Suppose we hold a tuning fork near the end of a tube that is closed at the other end, as shown in [link] , [link] , [link] , and [link] . If the tuning fork has just the right frequency, the air column in the tube resonates loudly, but at most frequencies it vibrates very little. This observation just means that the air column has only certain natural frequencies. The figures show how a resonance at the lowest of these natural frequencies is formed. A disturbance travels down the tube at the speed of sound and bounces off the closed end. If the tube is just the right length, the reflected sound arrives back at the tuning fork exactly half a cycle later, and it interferes constructively with the continuing sound produced by the tuning fork. The incoming and reflected sounds form a standing wave in the tube as shown.

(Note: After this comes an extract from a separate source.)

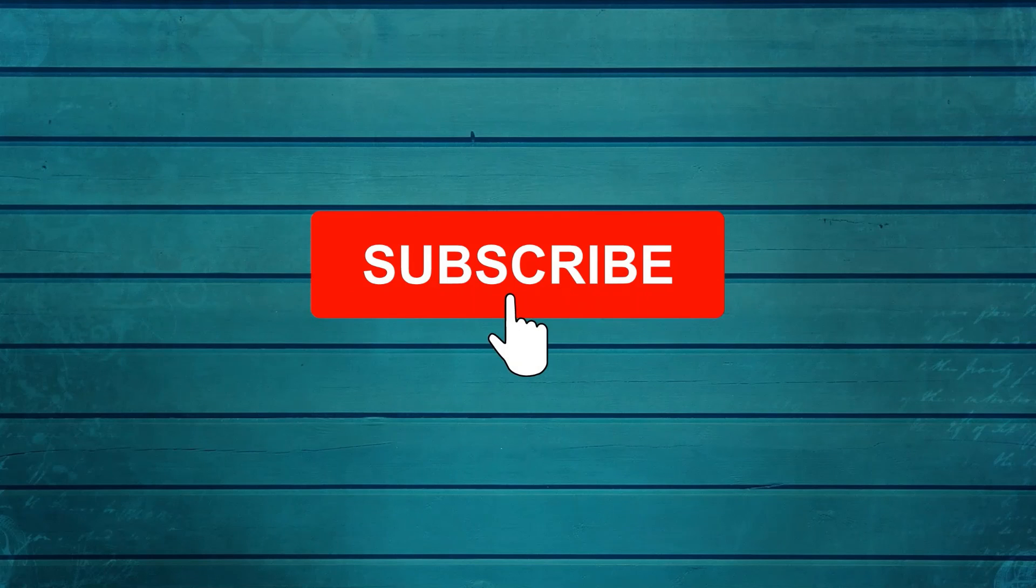Thank you. Keep watching, keep asking questions in comments. Subscribe to my channel and press the bell icon so that you can get notifications for new videos. Thank you.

The standing wave formed in the tube has its maximum air displacement (an antinode    ) at the open end, where motion is unconstrained, and no displacement (a node    ) at the closed end, where air movement is halted. The distance from a node to an antinode is one-fourth of a wavelength, and this equals the length of the tube; thus, $\lambda =4L$ . This same resonance can be produced by a vibration introduced at or near the closed end of the tube, as shown in [link] . It is best to consider this a natural vibration of the air column independently of how it is induced.

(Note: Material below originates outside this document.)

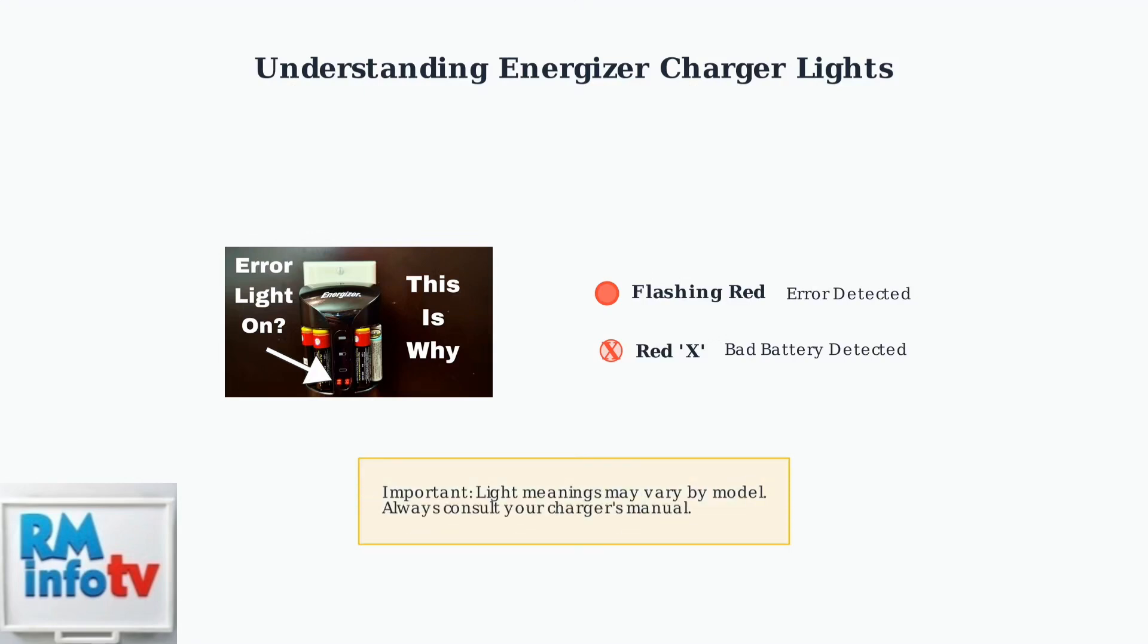Remember that light meanings can vary slightly depending on your specific charger model, so always consult your charger's manual for precise information.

Given that maximum air displacements are possible at the open end and none at the closed end, there are other, shorter wavelengths that can resonate in the tube, such as the one shown in [link] . Here the standing wave has three-fourths of its wavelength in the tube, or $L=(3/4)\lambda \prime$ , so that $\lambda \prime =4L/3$ . Continuing this process reveals a whole series of shorter-wavelength and higher-frequency sounds that resonate in the tube. We use specific terms for the resonances in any system. The lowest resonant frequency is called the fundamental    , while all higher resonant frequencies are called overtones    . All resonant frequencies are integral multiples of the fundamental, and they are collectively called harmonics    . The fundamental is the first harmonic, the first overtone is the second harmonic, and so on. [link] shows the fundamental and the first three overtones (the first four harmonics) in a tube closed at one end.